DEPR: make_block by jbrockmendel · Pull Request #56422 · pandas-dev/pandas (original) (raw)
OK, I see what happened! I tested this before (with a slightly updated example from Brocks post to interleave the dtypes), and timed with the default mode (around 10ms instead of 20µs), and based on the profile this was because of the Block.take_nd in the reindex step. Then I enabled CoW and it also gave around 10ms, but didn't check the profile (just assumed it had the same cause, also because I was already passing copy=False
to reindex assuming we would honor that regardless of CoW).
But redoing that example now, the reason it was also slower with CoW is because I was missing a copy=False
in the DataFrame(arr)
constructor (where we changed the default to True when CoW is enabled for ndarray input), and apparently that gave more or less the same slowdown as the take in the non-CoW mode ..
With correcting that, I indeed get a zero-copy construction with the correct column order. The overhead in this case is around 400µs vs 20µs for me.

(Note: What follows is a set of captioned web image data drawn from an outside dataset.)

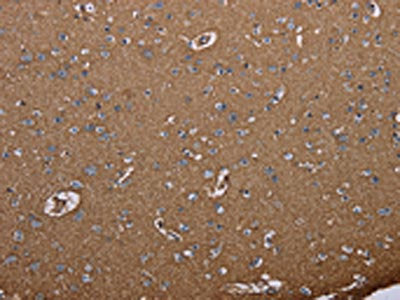 AQP4 Antibody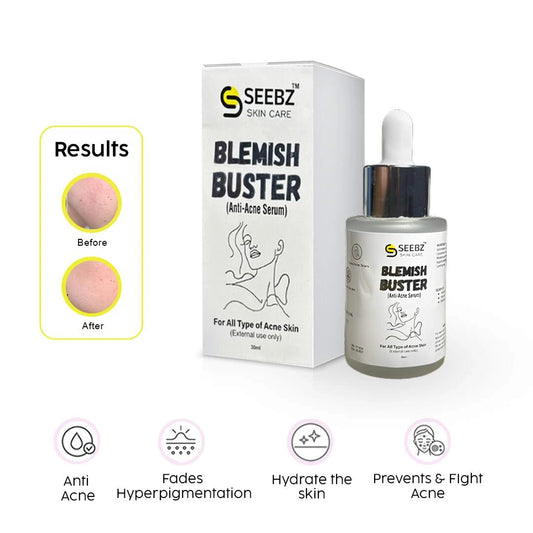 Blemish Buster-Anti Acne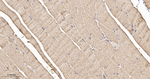 PFKM Recombinant Rabbit Monoclonal Antibody (2F5)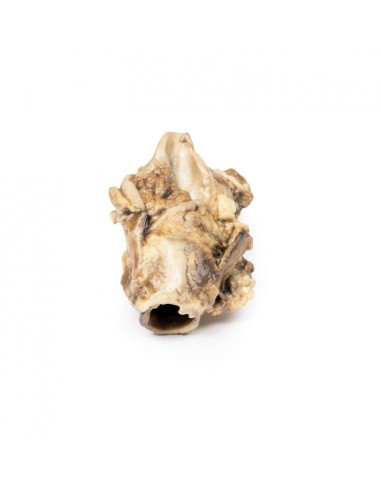 Carcinoma da fossa piriforme - Erler...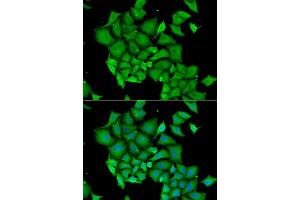 Immunofluorescence analysis of HeLa cell using DFFA antibody. (DFFA Antikörper)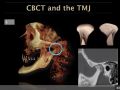Applications for CBCT - Temporomandibular Joints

This (concat index and reindexing) overhead grows with the number of columns, and I will also try to check next week the impact of more dtypes, to see if the overhead stays acceptable.
Adapted example:
In [1]: import pandas as pd
...: import numpy as np
...: from pandas.core.internals.api import make_block
...: from pandas.core.internals import create_block_manager_from_blocks
...:
...: ncols = 10
...: nrows = 10**5
...:
...: arr1 = np.random.randn(nrows*ncols).reshape(nrows, ncols)
...: arr2 = arr1.astype(np.int64)
...:
...: index = pd.Index(range(nrows))
...: cols = pd.Index(range(ncols * 2))
...: axes = [cols, index]
<ipython-input-1-5c31cca232e4>:4: DeprecationWarning: create_block_manager_from_blocks is deprecated and will be removed in a future version. Use public APIs instead.
from pandas.core.internals import create_block_manager_from_blocks
In [2]: def v1():
...: locs1 = np.arange(arr1.shape[1]*2, step=2)
...: blk1 = make_block(arr1.T, placement=locs1)
...: locs2 = np.arange(1, arr1.shape[1]*2, step=2)
...: blk2 = make_block(arr2.T, placement=locs2)
...: mgr = create_block_manager_from_blocks([blk1, blk2], axes, verify_integrity=False)
...: return pd.DataFrame._from_mgr(mgr, axes=axes[::-1])
...:
In [3]: def v2():
...: left = pd.DataFrame(arr1, columns=cols[0:ncols*2:2], copy=False)
...: right = pd.DataFrame(arr2, columns=cols[1:ncols*2:2], copy=False)
...: return pd.concat([left, right], axis=1, copy=False).reindex(columns=cols, copy=False)
...:
In [4]: %timeit v1()
24.6 µs ± 399 ns per loop (mean ± std. dev. of 7 runs, 10,000 loops each)
In [5]: %timeit v2()
16.1 ms ± 1.76 ms per loop (mean ± std. dev. of 7 runs, 10 loops each)
In [6]: df1 = v1()
In [7]: df2 = v2()
In [8]: pd.testing.assert_frame_equal(df1, df2)
In [9]: pd.options.mode.copy_on_write = True
In [10]: %timeit v2()
463 µs ± 8.93 µs per loop (mean ± std. dev. of 7 runs, 1,000 loops each)